* Re: [PATCH] net/mlx5: fix spurious CPU wakeups caused by invalid CQE
2025-10-15 13:39 [PATCH] net/mlx5: fix spurious CPU wakeups caused by invalid CQE Sivaprasad Tummala
@ 2025-10-28 14:53 ` Thomas Monjalon
2025-11-07 17:59 ` Dariusz Sosnowski
2025-11-11 3:40 ` [PATCH v2] " Sivaprasad Tummala
2 siblings, 0 replies; 5+ messages in thread
From: Thomas Monjalon @ 2025-10-28 14:53 UTC (permalink / raw)
To: Sivaprasad Tummala
Cc: jerinj, kirankumark, ndabilpuram, yanzhirun_163, david.marchand,
ktraynor, konstantin.ananyev, konstantin.v.ananyev,
bruce.richardson, maxime.coquelin, anatoly.burakov, aconole, dev,
akozyrev, stable, Dariusz Sosnowski, Viacheslav Ovsiienko,
Bing Zhao, Ori Kam, Suanming Mou, Matan Azrad, Maayan Kashani
Cc mlx5 maintainers
15/10/2025 15:39, Sivaprasad Tummala:
> Previously, the PMD used a common monitor callback to determine
> CQE ownership for power-aware polling. However, when a CQE contained
> an invalid opcode(MLX5_CQE_INVALID), ownership bit was not reliable.

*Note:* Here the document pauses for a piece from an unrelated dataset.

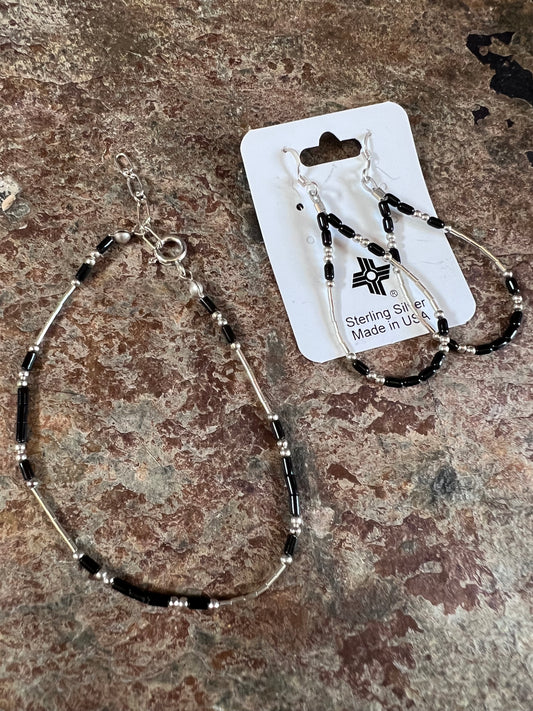 Southwest Handmade Sterling & Onyx Dangle Earrings, Wrist & Ankle Bracelet Set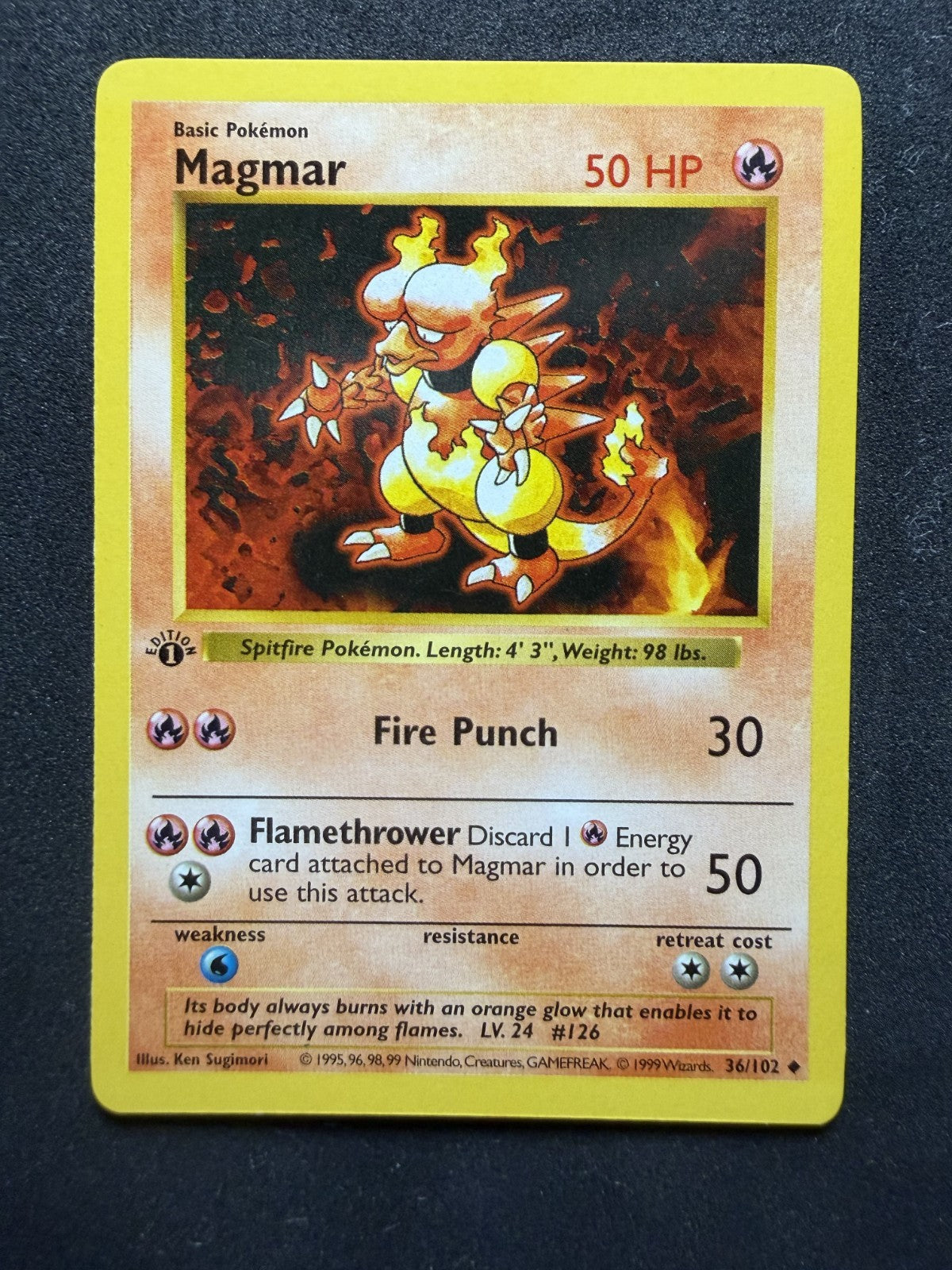 Pokemon TCG: Magmar 036/102 Base Set First Edition Shadowless - NM/M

> As a result, the monitor condition could falsely indicate CQE
> availability and cause the CPU to wake up unnecessarily during
> low traffic periods.
>
> This resulted in spurious wakeups in monitor-wait mode and reduced
> the expected power savings, as cores exited the sleep state even
> when no valid CQEs were available.
>
> This patch introduces a dedicated callback that skips invalid CQEs
> and optimizes power efficiency by preventing false wakeups caused
> by hardware-owned or invalid entries.
>
> Fixes: a8f0df6bf98d ("net/mlx5: support power monitoring")
> Cc: akozyrev@nvidia.com
> Cc: stable@dpdk.org
>
> Signed-off-by: Sivaprasad Tummala <sivaprasad.tummala@amd.com>
> ---
> drivers/net/mlx5/mlx5_rx.c | 17 ++++++++++++++++-
> 1 file changed, 16 insertions(+), 1 deletion(-)
>
> diff --git a/drivers/net/mlx5/mlx5_rx.c b/drivers/net/mlx5/mlx5_rx.c
> index 420a03068d..2765b4b730 100644
> --- a/drivers/net/mlx5/mlx5_rx.c
> +++ b/drivers/net/mlx5/mlx5_rx.c
> @@ -295,6 +295,20 @@ mlx5_monitor_callback(const uint64_t value,
> return (value & m) == v ? -1 : 0;
> }
>
> +static int
> +mlx5_monitor_cqe_own_callback(const uint64_t value,
> + const uint64_t opaque[RTE_POWER_MONITOR_OPAQUE_SZ])
> +{
> + const uint64_t m = opaque[CLB_MSK_IDX];
> + const uint64_t v = opaque[CLB_VAL_IDX];
> + const uint64_t match = ((value & m) == v);
> + const uint64_t opcode = MLX5_CQE_OPCODE(value);
> + const uint64_t valid_op = (opcode ^ MLX5_CQE_INVALID);
> +
> + /* ownership bit is not valid for invalid opcode; CQE is HW owned */
> + return -(match & valid_op);
> +}
> +
> int mlx5_get_monitor_addr(void *rx_queue, struct rte_power_monitor_cond *pmc)
> {
> struct mlx5_rxq_data *rxq = rx_queue;
> @@ -312,12 +326,13 @@ int mlx5_get_monitor_addr(void *rx_queue, struct rte_power_monitor_cond *pmc)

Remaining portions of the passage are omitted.